I had spoken of Mr Rivers on so many occasions to Miss Elliott that I suspected my esteem for St John must have been apparent to her, and took this opportunity to ask her opinion.
"He is so unfriendly toward me of late," I said, flinging myself down on a chair, "He has always been somewhat removed, I suppose, yet he was not wont to be so very cold—but a year ago I was sure of his liking for me, but now he is so changeable. Perhaps it is his father's death and his sisters having gone away that effects him so?"
"Mr Rivers is capable of strong natural affection; his sisters, I think, are very dear to him; but I never saw anybody so capable of leading a solitary life. The company of others is not to him what it is to you or I. It is far more likely that it is his ambitions, his desire to become a missionary, that are the cause of his taciturnity. I believe he would attempt to subdue anything he regarded as a hinderance to his plans."

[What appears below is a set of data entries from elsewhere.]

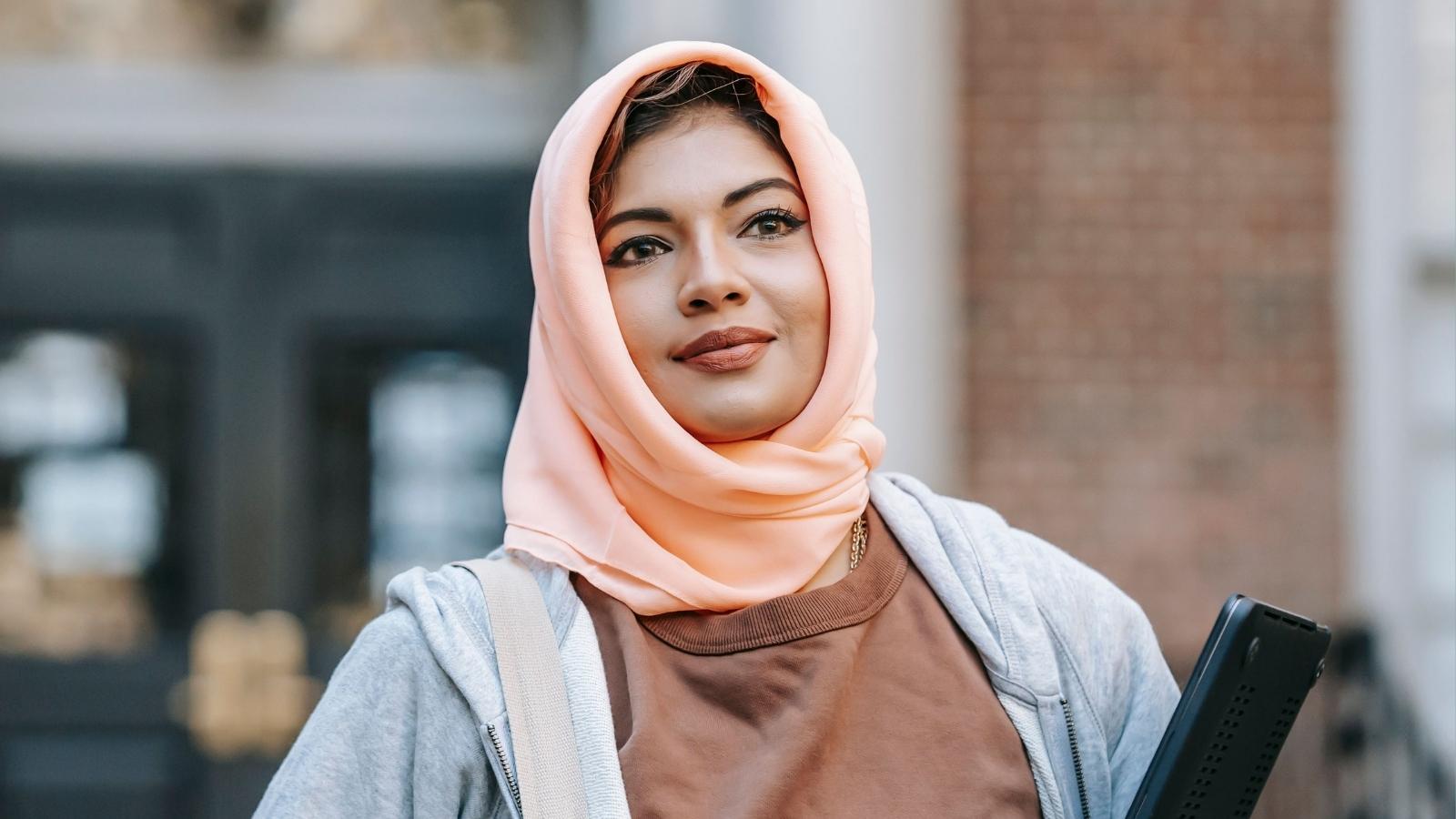 female college student wearing headscarf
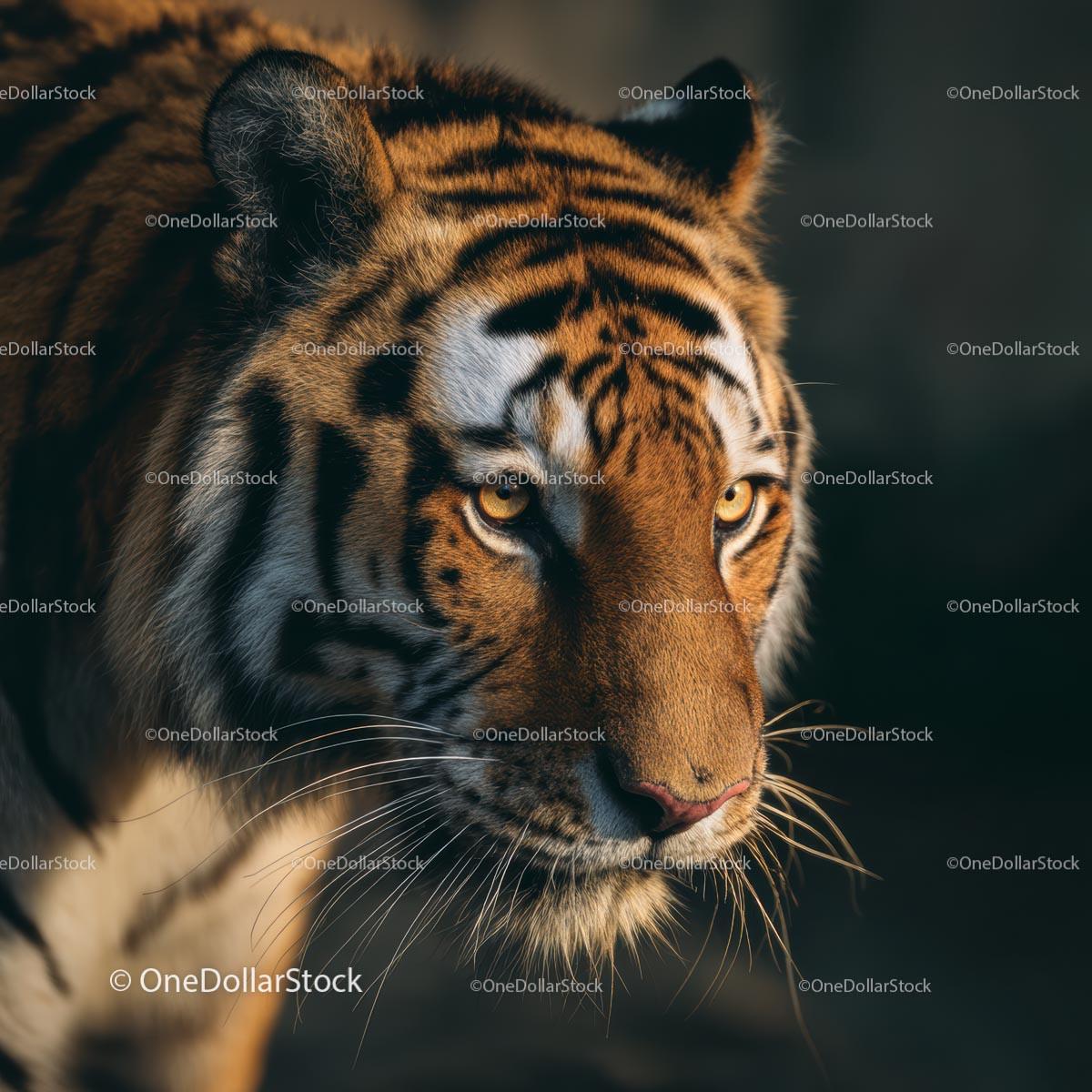 Majestic Tiger with Intense Gaze in Natural Habitat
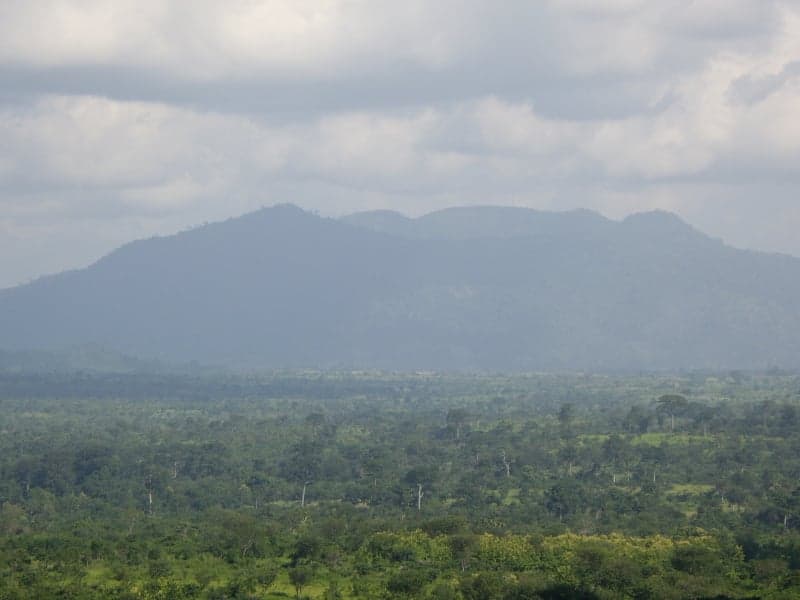 Mount Agou rising above green forested slopes in central Togo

I understood her meaning. It was disheartening to hear it from Miss Elliott despite having suspected it myself, there was something shrewdly perceptive about her and she seemed to understand St John well, when she came to the conclusion it appeared to possess an undoubtable veracity. I would rather have heard it was his father's death that had been the origin of his aloofness for that I knew would have faded with time and I liked to think that my affection could would have quite banished it from his mind, but his ambition being the cause, as I suppose I had known all along, was far more difficult to solve. He thought me, no doubt, unsuitable for a missionary's wife—alas! No doubt he would be correct! I had no wish to travel far away from home, from my Papa, and everything I knew, to exhaust myself in some distant tropical climb! No wish to toil under an Indian sun! I am no saint, and yet even if I were, I can see that I might do as much good at home, happy and comfortable, as I could teaching with St John in a remote foreign village somewhere in the jungle, where, too, it is likely that I would catch a horrid disease before I had time to do any good at all! Why Mr Rivers did not see this also I cannot comprehend! I rode home slowly, feeling troubled; St John would be harder to win than I had hitherto allowed myself to believe, perhaps he was unreachable altogether.